July 20, 2002

WILL VOUCHERS BALKANIZE AMERICA?: First in a brief series of replies to anti-school-voucher arguments.

The basic claim here is that public schools transform atomized individuals, or alienated minorities/immigrants, into civic-minded American citizens. Public schooling means that Americans come to hold basic values in common, and so public schooling holds our country together, forging unity from our diversity.

Problems with this claim: 1) Uh, this isn’t what actually happens in lots and lots of public schools. My public elementary school was pretty awesome despite its Afrocentrism–Afrocentrism was mostly used as a pathway into American history and common values, not an alternative to those values. The key American heroes were Harriet Tubman, Martin Luther King, Jr., and Charles Drew. But it’s not hard to find public schools which focus on emphasizing and maintaining divergent cultures. Multiculturalism may well be at its strongest in the inner-city public schools whose students’ parents are most likely to receive and use vouchers. Even my basically solid elementary school also emphasized the “Seven Kwanzaa Principles,” which ranged from the near-contentless (creativity, faith, purpose) to the vaguely socialistic (collective work and responsibility, cooperative economics). And certainly a school that can’t teach reading or math is unlikely to teach a robust and helpful civic education.

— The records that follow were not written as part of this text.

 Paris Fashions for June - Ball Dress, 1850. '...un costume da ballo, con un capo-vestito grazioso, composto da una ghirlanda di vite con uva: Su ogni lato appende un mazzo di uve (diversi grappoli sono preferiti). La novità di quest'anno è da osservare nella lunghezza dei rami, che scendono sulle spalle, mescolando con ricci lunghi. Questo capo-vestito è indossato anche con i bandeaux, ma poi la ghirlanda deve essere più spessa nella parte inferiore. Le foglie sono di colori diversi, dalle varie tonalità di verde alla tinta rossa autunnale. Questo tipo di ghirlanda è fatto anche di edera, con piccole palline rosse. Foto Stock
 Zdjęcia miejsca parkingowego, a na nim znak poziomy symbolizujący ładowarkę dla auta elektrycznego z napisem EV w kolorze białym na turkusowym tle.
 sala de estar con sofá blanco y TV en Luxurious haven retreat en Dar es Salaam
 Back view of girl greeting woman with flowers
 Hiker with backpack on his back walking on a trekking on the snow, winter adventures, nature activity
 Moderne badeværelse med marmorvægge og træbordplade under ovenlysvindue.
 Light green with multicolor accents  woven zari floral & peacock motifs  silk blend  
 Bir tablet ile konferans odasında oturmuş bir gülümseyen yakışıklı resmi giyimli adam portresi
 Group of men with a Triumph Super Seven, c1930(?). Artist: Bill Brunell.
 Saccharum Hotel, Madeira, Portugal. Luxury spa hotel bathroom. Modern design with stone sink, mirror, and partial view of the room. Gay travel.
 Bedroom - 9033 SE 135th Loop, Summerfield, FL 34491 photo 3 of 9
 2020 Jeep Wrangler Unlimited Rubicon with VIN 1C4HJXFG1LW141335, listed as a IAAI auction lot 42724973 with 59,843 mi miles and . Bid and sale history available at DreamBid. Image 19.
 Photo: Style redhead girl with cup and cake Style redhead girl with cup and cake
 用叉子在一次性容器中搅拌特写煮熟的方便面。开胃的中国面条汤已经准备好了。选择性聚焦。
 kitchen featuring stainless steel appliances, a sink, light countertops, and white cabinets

2) “Balkanization” has already occurred, for the rich and for anyone who can move to a new area. We have segregation by school district. We have private schools. If it’s OK for the rich to “Balkanize” their children, why is it wrong for the poor to do the same? (I can see the claim that poor children are more likely to need institutions that integrate them into American life–but I don’t think that claim overcomes the patronizing and anti-parents aspect of this argument.) Are poor parents who scrimp and save to send their kids to Catholic school selling out? Are they abandoning the American dream–or fulfilling it, through their acceptance of responsibility, self-government, and religious pluralism?

3) Public schools, a.k.a. government schools, can’t teach the religious beliefs that many Americans consider to be the bedrock of all other values. In the absence of religious faith, public schools teach–at best!–a “civic religion” in which the claims of state and community trump the claims of God, since state and community are the only objects of loyalty that a public school can acknowledge. It is difficult to forge a civic order out of people who adhere to different faiths and believe that their God is more important than their country–on that point, the anti-voucher claim is correct. But this difficulty is intrinsic to a society that is a) mostly religious, b) diverse, and c) most importantly, free. You can’t get around the difficulty by shunting poor kids into schools that extol loyalty to Caesar while being forbidden to mention loyalty to God. (As I said above, I don’t think public schools actually do extol loyalty to Caesar all that often, but my point here is that civic loyalty is not the ultimate value, and I don’t see why we should act as if it trumps religious loyalty or parents’ responsibility to direct their children’s moral education.)

If parents believe that their public school is, in fact, educating their children in civic values that are not antithetical to the parents’ own beliefs, and if the school is doing a good job of that, vouchers in no way force parents to move the kids out of public school. Polls have shown time and again that suburban parents, for example, are quite satisfied with their local public schools. Vouchers are pretty much irrelevant for them. But if parents do believe that public schools are inculcating false values in their children, again, why do voucher opponents accept that rich people can avoid public schools while poor people can’t?